すが雑談

菅波栄純。1979年10月16日生まれ。福島県出身。 結成20年を経て活動中のバンドTHE BACK HORN所属。 ギタリスト/作詞作曲者。お仕事のご依頼はこちら eijun@ve.jvcmusic.co.jp 人生は結局喜劇だと思う。

バンド名が放送禁止用語のバンドのベーシストと再開した話

再会の瞬間は突然やってきた。

 

向こうから酩酊した弱そうなチンピラが駆け寄ってきて、手前でよろけてエビ的な動きを見せた。「えいじゅんさん、えいじゅんさん!」間近で見ると目が宇宙にイッちゃっている。その多幸感に包まれた男はおれが昔THE BACK HORNと別に組んでいた江戸末期系パンクバンドのベーシストだった。

 

ここは泣く子もキマる、とある音楽フェスの奥地のヒッピーゾーン。ライブを見、じゃがバターを食べ、ライブを見、酒を飲み、とやってるうちに気づくとそこはおしゃれ女子と酩酊したチンピラしかいない最果ての天国。おれはあくまでスタイリッシュにダンスをたしなみ、自慢のステップをおしゃれ女子へ南国の鳥よろしくアピールしてたところへ、そいつは現れたのだ。久しぶりに見る、ニヤニヤが止まらない顔面であった。

 

「やっぱりその気持ちわりい踊り方、えいじゅんさんだー。元気してましたぁ?おれはもう、完全にやらっちぇます(やられてます)!」

 

一気におしゃれ天国が福島の田舎のスーパーに見えてきた。しかし、俺はうれしかった。思わず抱きしめた。「おめー、どこさ行ってたんだよぉ、びっくりしたんだがんね(びっくりしたんだぞ)」。
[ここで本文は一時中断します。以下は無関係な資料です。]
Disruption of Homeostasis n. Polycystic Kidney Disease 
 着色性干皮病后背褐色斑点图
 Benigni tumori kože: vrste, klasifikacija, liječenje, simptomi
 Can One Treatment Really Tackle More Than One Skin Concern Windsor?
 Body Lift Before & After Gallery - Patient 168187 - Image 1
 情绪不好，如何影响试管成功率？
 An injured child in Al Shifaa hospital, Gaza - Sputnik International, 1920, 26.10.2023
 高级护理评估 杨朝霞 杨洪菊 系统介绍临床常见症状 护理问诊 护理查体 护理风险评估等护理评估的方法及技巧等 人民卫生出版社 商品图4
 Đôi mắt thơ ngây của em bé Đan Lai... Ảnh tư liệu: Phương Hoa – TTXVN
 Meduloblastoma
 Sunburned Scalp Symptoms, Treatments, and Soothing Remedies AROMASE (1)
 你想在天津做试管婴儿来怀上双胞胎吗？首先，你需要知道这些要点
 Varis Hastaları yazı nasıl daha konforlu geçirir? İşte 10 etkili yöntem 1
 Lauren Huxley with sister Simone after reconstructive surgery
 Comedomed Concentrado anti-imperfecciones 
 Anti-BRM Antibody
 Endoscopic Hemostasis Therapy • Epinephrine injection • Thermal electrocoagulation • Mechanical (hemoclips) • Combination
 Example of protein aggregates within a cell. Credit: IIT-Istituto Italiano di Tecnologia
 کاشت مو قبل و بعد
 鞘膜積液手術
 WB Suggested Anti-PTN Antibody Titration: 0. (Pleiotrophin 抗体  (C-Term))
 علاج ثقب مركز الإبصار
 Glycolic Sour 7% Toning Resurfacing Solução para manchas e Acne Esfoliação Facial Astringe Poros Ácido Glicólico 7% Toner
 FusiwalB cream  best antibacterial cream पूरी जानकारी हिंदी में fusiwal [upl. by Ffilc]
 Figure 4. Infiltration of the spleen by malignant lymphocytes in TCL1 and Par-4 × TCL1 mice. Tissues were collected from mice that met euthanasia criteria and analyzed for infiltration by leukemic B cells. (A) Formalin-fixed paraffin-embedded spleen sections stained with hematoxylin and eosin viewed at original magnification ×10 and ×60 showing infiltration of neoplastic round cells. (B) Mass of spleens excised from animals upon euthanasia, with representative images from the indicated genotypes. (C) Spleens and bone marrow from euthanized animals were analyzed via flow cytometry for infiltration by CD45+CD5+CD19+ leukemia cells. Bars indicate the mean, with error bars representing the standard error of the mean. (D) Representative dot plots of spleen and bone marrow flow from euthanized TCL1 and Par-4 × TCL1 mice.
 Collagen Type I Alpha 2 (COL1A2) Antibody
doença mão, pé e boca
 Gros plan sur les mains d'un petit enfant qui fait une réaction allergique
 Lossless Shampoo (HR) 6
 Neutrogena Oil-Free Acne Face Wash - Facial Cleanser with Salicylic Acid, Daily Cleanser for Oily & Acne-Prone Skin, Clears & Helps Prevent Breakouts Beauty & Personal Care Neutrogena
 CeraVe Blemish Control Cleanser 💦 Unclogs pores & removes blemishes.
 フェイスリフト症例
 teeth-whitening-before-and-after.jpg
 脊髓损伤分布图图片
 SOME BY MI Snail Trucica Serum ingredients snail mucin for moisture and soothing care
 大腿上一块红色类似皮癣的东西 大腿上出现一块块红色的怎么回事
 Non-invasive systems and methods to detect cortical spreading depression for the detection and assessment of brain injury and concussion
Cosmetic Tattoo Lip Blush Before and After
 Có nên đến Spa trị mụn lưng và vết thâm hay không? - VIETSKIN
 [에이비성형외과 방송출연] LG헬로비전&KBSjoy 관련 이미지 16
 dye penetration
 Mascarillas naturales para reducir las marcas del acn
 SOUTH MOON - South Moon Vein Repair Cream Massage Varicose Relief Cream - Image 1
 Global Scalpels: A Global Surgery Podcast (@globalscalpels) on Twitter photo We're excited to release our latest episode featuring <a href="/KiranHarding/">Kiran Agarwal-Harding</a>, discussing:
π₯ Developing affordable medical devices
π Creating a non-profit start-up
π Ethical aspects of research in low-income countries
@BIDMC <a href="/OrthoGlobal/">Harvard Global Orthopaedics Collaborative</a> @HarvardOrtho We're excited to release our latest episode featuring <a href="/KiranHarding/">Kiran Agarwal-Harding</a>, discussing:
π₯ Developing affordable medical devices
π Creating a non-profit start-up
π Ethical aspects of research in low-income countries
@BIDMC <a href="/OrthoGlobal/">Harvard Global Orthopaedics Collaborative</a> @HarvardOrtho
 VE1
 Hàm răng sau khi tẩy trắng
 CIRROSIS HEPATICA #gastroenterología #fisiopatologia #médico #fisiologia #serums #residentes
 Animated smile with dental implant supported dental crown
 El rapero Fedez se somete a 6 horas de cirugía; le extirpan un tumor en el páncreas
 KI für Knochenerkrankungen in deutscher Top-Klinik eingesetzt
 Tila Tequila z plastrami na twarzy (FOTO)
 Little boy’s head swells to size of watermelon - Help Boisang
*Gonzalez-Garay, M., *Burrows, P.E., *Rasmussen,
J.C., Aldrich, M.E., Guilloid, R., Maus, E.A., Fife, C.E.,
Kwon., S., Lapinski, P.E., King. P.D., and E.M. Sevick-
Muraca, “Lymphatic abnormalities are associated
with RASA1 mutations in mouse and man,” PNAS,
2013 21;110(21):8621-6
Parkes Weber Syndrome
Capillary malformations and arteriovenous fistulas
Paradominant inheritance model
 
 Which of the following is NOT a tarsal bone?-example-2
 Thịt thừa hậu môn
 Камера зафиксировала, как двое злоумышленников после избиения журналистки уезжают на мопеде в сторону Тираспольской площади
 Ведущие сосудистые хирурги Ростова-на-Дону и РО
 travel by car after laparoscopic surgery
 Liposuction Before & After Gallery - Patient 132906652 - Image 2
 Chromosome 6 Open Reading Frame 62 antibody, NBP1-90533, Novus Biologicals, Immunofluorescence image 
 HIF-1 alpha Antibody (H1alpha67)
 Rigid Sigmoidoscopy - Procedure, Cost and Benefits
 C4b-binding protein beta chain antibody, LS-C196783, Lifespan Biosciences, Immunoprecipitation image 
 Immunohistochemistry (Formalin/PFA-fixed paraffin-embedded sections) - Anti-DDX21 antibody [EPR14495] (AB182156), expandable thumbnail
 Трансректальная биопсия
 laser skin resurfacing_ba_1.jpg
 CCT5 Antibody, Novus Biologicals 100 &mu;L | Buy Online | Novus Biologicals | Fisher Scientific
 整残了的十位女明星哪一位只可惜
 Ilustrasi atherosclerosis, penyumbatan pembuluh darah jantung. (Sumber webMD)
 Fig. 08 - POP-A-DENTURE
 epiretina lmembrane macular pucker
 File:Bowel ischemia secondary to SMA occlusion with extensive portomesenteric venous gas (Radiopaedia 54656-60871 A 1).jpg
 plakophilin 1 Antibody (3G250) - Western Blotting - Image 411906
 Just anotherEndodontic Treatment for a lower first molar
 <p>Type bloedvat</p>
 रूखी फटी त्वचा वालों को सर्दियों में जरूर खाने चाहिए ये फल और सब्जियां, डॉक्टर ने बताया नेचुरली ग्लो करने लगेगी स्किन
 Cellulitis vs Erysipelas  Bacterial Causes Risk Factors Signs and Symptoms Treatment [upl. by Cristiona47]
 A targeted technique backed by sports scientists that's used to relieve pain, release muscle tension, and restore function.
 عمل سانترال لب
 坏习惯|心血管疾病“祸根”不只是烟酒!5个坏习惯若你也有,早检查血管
そのベーシストは、前触れもなく失踪して何年も行方知れずだった。噂好きな田舎では、あぶない商売に手を出して逃げてるとかヤバイひとの彼女に手を出して逃げてるとか、とにかく人生から全力で逃げてるっていうことになっていたが、天国で会ったとなるとあながち間違いではなかったようだ。

 

その夜おれたちは再会を祝し盛り上がるだけ盛り上がった。もうおしゃれ女子なんて見えていない。おれとそいつは競い合うように気持ちわりい踊りを踊りながらバカ騒ぎした。

 

どこにいってたかどうかは聞かなかったし、今の連絡先も聞かなかった。それでいい。あいつが無事ならば。

 

それに、連絡先を聞いて危ないことに巻き込まれたら嫌だったし。

 

しかもあいつ、おれのダンスを気持ちわりいと思ってたんか、裏で笑ってたに違いない。というところにムカついたのもあり。

 

年齢的にはおれのほうが上だぞ。一応敬語だけど思い出したら言ってる内容、常に小馬鹿にしてるスタンスだったな、昔から。

 

まじで心配して損したな。しぶといわ、こいつ。笑える。まあ、今までの無礼は許してやろう。飲め飲め、ばーーーか!!

 

ちなみにそいつは今、愛する彼女のために真面目に働いてます。悔しいが無事ハッピーエンド方面でこの話はおしまい。